Let $ABCD$ be a convex quadrilateral with non perpendicular diagonals and with the sides $AB$ and $CD$ non parallel . Denote by $O$ the intersection of the diagonals , $H_1$ the orthocenter of the triangle $AOB$ and $H_2$ the orthocenter of the triangle $COD$ . Also denote with $M$ the midpoint of the side $AB$ and with $N$ the midpoint of the side $CD$ . Prove that $H_1H_2$ and $MN$ are parallel if and only if $AC=BD$
Problem
Source: Romania JBMO TST 2015 Day 1 Problem 5
Tags: geometry, quadrilateral, orthocenter, parallel
TelvCohl
14.05.2015 15:41
My solution : Let $ X, Y $ be the midpoint of $ BC, DA $, respectively . Since $ H_1H_2 $ is the Steiner line of complete quadrilateral $ \{ AB, CD, AC, BD \} $ , so $ H_1H_2 $ is perpendicular to the Newton line $ XY $ of the complete quadrilateral $ \{ AB, CD, AC, BD \} $ . Since $ MXNY $ is a parallelogram ( $ MX=NY=\tfrac{1}{2} AC, MY=NX=\tfrac{1}{2} BD $ ) , so $ H_1H_2 \parallel MN \Longleftrightarrow MN \perp XY \Longleftrightarrow MXNY $ is a rhombus $ \Longleftrightarrow AC=BD $ . Q.E.D
kjytay
06.08.2015 04:36
Label the feet of the perpendiculars and extend them to meet at points $X$ and $Y$ as in the diagram:
Define 4 circles: $\Gamma_1 = \odot AA'GD, \Gamma_2 = \odot DCGF, \Gamma_3 = \odot EFCB, \Gamma_4 = \odot AEA'B$ (vaguely labelled in diagram as well).

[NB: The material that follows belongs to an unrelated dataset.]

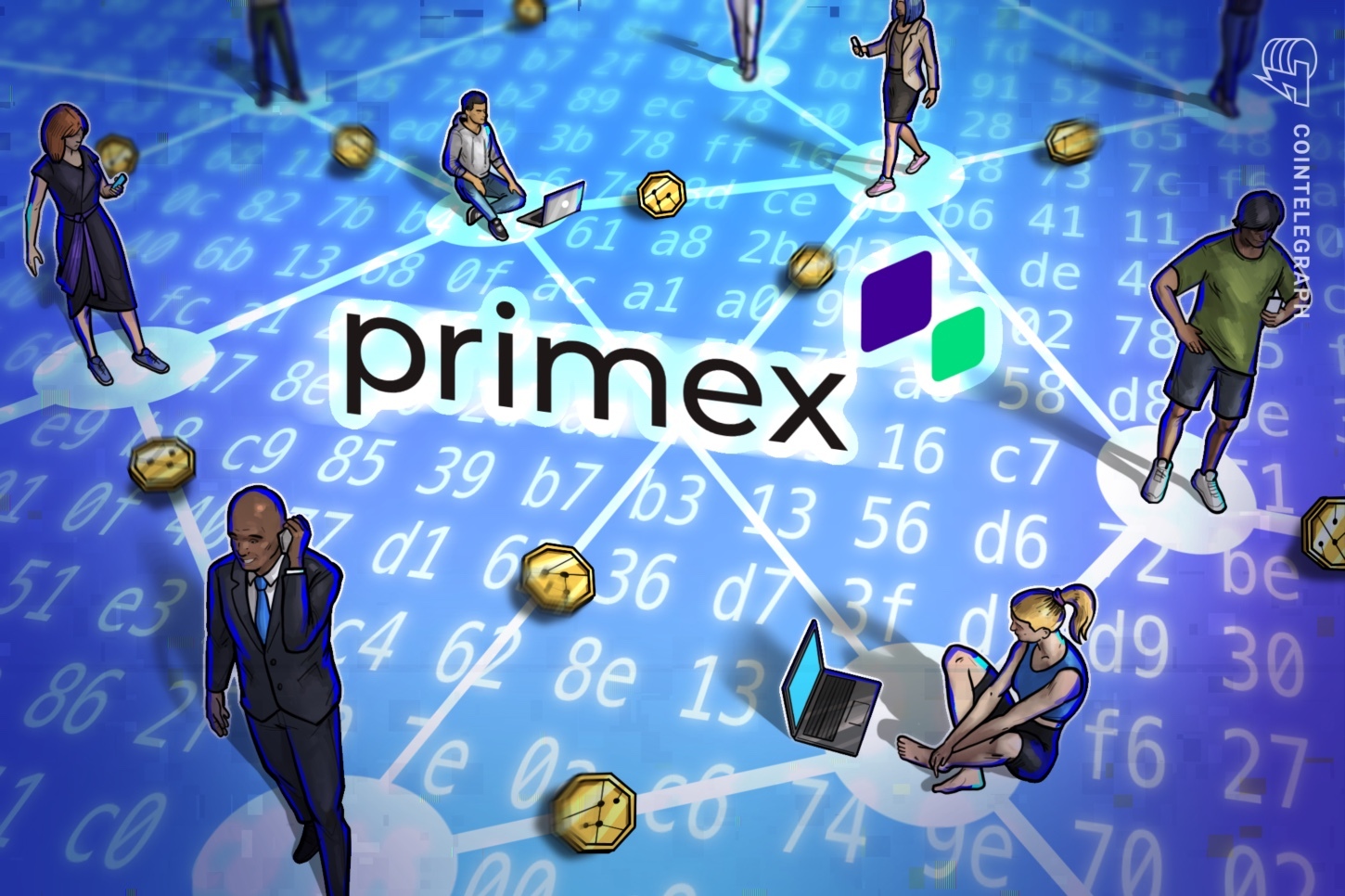 Brokerage protocol to allow leveraged trading of any asset on popular DEXs with CEX-like interfaces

Consider the radical axis for each pair of circles. Note that for any 3 circles, the 3 radical axes they generate must meet at a point. By going through all the pairs of circles, we can conclude that $XY$ is the radical axis of $(\Gamma_2, \Gamma_4)$. Since $M$ and $N$ are the centres of $\Gamma_2$ and $\Gamma_4$ respectively, we have $XY \perp MN$.
Next, since $AA'$ and $CF$ are both perpendicular to $BD$, we have $H_1X \parallel H_2Y$. Similarly, $H_1Y \parallel H_2X$ implying that $H_1XH_2Y$ is a parallelogram.

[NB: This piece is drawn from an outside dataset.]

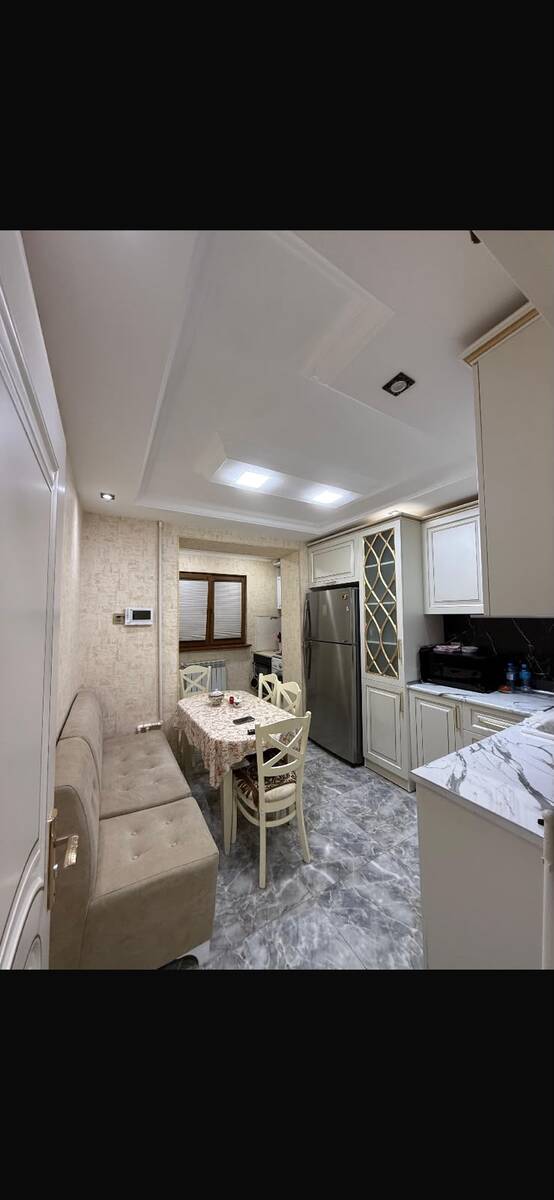 Satılır 3 otaqlı köhnə tikili 115 m² — Mənzil, Bakı (6)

Finally, note that $A'F = AC \cos AOB$ and $EG = BD \cos AOB$.
Putting this all together:
$AC = BD \\
\Leftrightarrow A'F = EG \\
\Leftrightarrow Area(H_1XH_2Y) / H_1X = Area(H_1XH_2Y) / H_2X \\
\Leftrightarrow H_1X = H_2X \\
\Leftrightarrow H_1XH_2Y \text{is a rhombus} \\
\Leftrightarrow XY \perp H_1H_2 \\
\Leftrightarrow MN \parallel H_1H_2.$